Information given:
────────────────────
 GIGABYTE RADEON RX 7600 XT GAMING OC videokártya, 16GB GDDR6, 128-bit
────────────────────
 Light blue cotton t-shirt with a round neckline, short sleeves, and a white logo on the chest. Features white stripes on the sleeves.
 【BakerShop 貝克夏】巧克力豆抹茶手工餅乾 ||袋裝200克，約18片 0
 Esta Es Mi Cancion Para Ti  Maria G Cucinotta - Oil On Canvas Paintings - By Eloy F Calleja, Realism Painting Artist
────────────────────
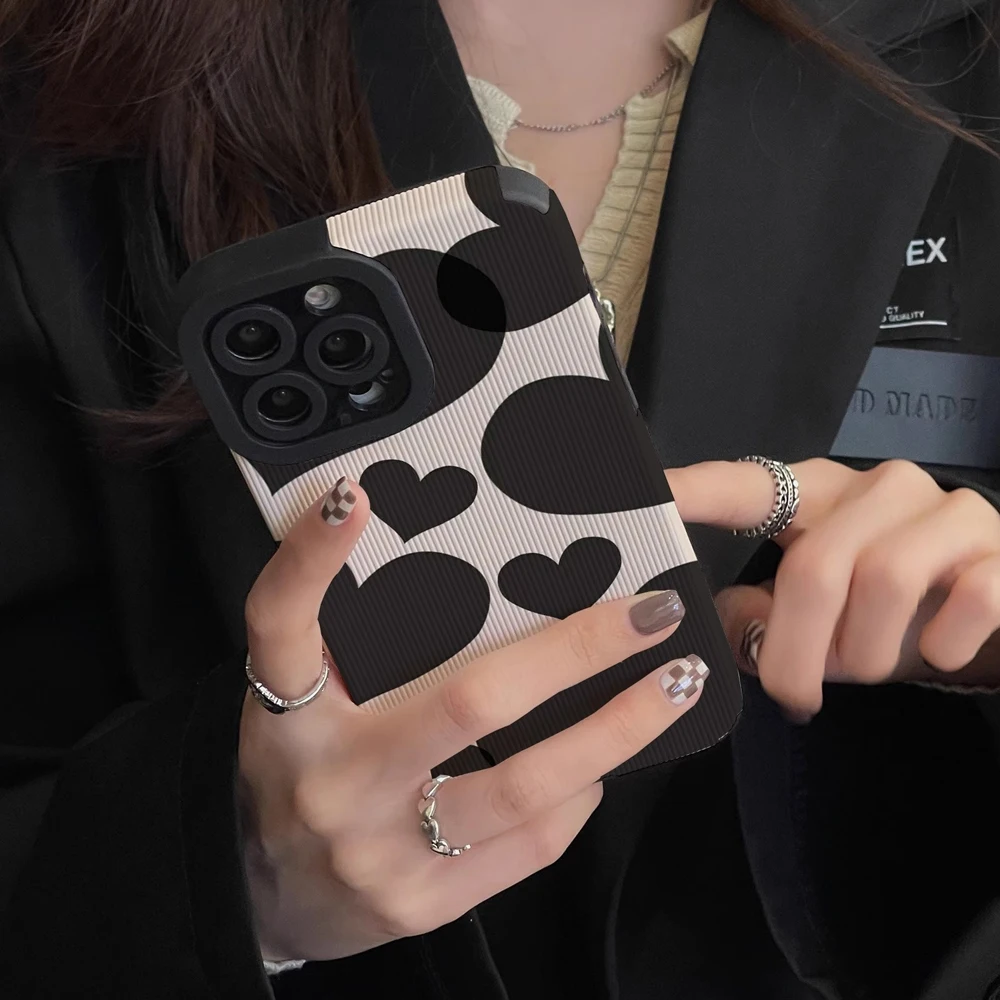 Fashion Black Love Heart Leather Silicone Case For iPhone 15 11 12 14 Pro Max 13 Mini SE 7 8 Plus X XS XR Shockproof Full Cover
────────────────────
Of the lines above, output exactly those from the line bearing "貝克夏】巧克力豆抹茶手工餅乾 ||袋裝200克，約18片 0" through the line bearing "Esta Es Mi Cancion", inclusive.

Task result:
 【BakerShop 貝克夏】巧克力豆抹茶手工餅乾 ||袋裝200克，約18片 0
 Esta Es Mi Cancion Para Ti  Maria G Cucinotta - Oil On Canvas Paintings - By Eloy F Calleja, Realism Painting Artist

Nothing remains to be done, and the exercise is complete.